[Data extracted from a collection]

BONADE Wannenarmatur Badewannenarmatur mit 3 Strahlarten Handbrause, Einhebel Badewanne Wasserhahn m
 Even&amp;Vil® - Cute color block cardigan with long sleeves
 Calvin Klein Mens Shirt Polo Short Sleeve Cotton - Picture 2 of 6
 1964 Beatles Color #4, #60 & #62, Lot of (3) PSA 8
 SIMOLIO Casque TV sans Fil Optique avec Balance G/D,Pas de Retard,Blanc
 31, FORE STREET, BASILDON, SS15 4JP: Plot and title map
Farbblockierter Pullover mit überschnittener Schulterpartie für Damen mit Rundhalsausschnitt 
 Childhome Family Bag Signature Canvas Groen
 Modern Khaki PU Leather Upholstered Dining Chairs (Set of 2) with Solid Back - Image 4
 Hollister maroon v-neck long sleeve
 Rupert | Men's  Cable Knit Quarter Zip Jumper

* [AIM OF THE TASK]:
Copy each line in the data that holds the word "with".

* [COMPLETED TASK]:
 Even&amp;Vil® - Cute color block cardigan with long sleeves
 Modern Khaki PU Leather Upholstered Dining Chairs (Set of 2) with Solid Back - Image 4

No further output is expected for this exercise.